In recent years, methanol production has increased in countries with high gas production due the development of high capacity plants utilizing high yield processes, for example, the Mega-methanol technology. Market conditions in different locations can often result in relatively low methanol prices (in the case of an oversupply) and relatively high natural gas prices (in the case of a shortage), due generally to excessive usage in the heating of buildings and homes, and as well as high usage in power plants. For example, in chemical plants where syngas is produced for the purpose of extracting CO for the synthesis of acetic acid, high costs can make natural gas cost prohibitive as a feedstock.
The primary raw materials in acetic acid manufacture are carbon monoxide (CO) and methanol.
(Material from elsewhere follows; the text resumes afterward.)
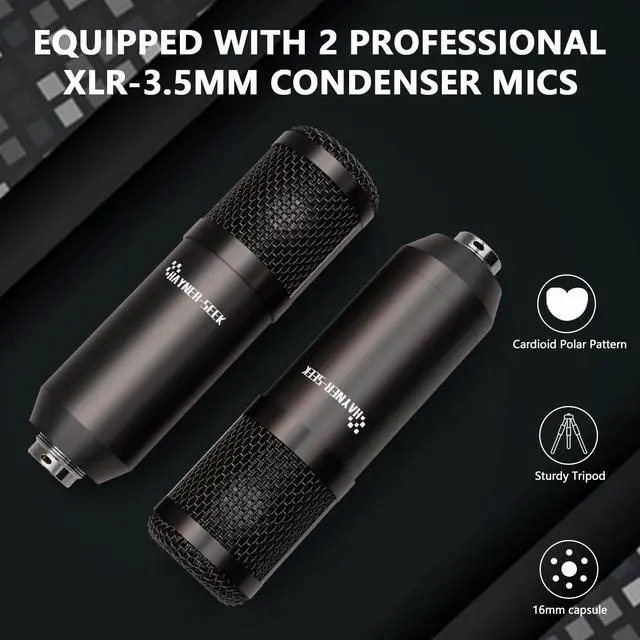 Alt view image 3 of 6 - Podcast Equipment Bundle for 2, Audio Interface DJ Mixer with 3.5mm Condenser Microphone for PC, Smartphone, Voice change,RGB for Recording, Streaming, Podcasting, Gaming, COMMANDER M100 3rd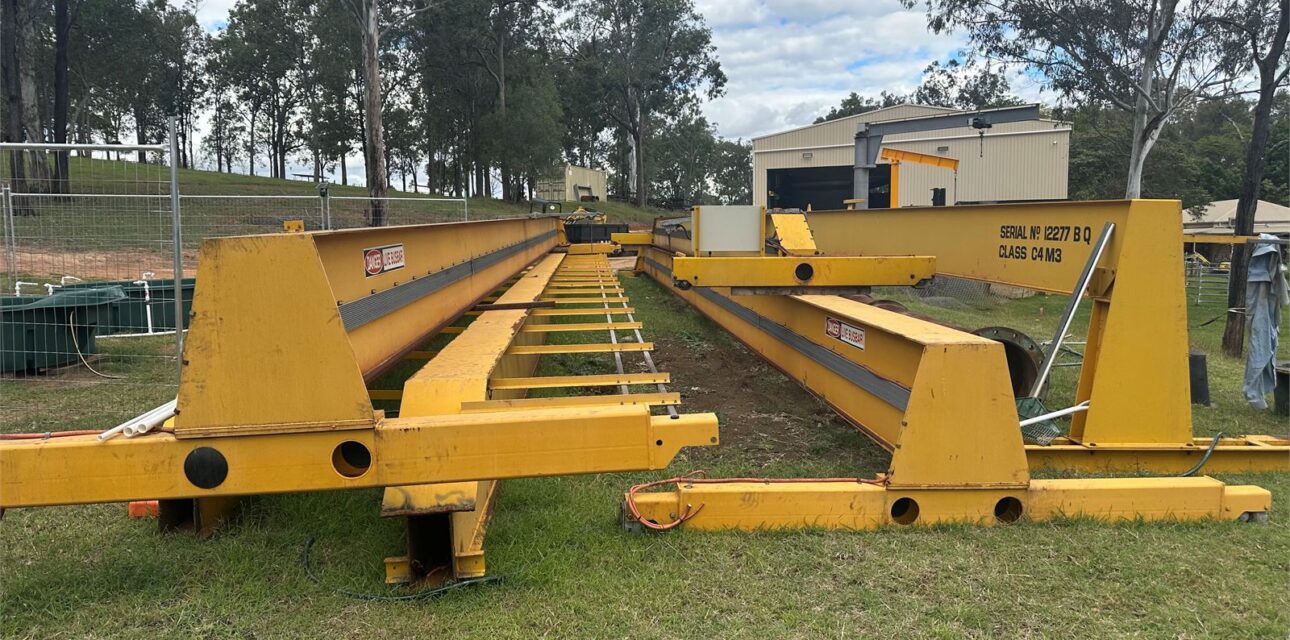 Second hand overhead crane beams and components stored for inspection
By retrofitting existing methanol plants to include acetic acid synthesis units, it is possible to eliminate the step of importing methanol for the synthesis of acetic acid, instead producing methanol in situ for the acetic acid synthesis. The retrofit of existing methanol plants for the manufacture of acetic acid is known in the art. Representative references disclosing this and similar processes include U.S. Pat. Nos. 6,232,352 to Vidalin, 6,274,096 to Thiebaut et al, and 6,353,133 to Thiebaut et al, each of which is hereby incorporated by reference.
In U.S. Pat. No. 3,920,717, Marion discloses a continuous process for the production of methanol from solid and/or liquid hydrocarbon material in a catalyst free reaction zone using a partial oxidation reactor. In U.S. Pat. No. 4,006,099, Marion et al. disclose improved combustion efficiency in the non-catalytic partial oxidation of liquid hydrocarbonaceous materials in a double-annulus-type burner. In U.S. Pat. Nos. 4,081,253 and 4,110,359, Marion discloses a method for producing synthesis gas, substantially comprising H2 and CO and having a mole ratio (H2/CO) of about 0.5 to 1.9 by partial oxidation of a hydrocarbonaceous fuel with substantially pure oxygen.
The use of partial oxidation reactors for the reforming of natural gas feedstock to syngas is well known in the art. Representative references disclosing partial oxidation reactors for the production of syngas include U.S. Pat. No. 2,896,927 to Nagle et al; U.S. Pat. No. 3,920,717 to Marion; U.S. Pat. No. 3,929,429 to Crouch; and U.S. Pat. No. 4,081,253 to Marion, each of which is hereby incorporated herein by reference.
The manufacture of hydrogen from methanol using a methanol reforming catalyst alone or in conjunction with a hydrogen-generating shift reactor is known in the art. Representative references disclosing this and similar processes include U.S. Pat. No. 4,175,115 to Ball et al; U.S. Pat. No. 4,316,880 to Jockel et al; U.S. Pat. No. 4,780,300 to Yokoyama; and U.S. Pat. No. 6,171,574 to Juda, each of which is hereby incorporated herein by reference.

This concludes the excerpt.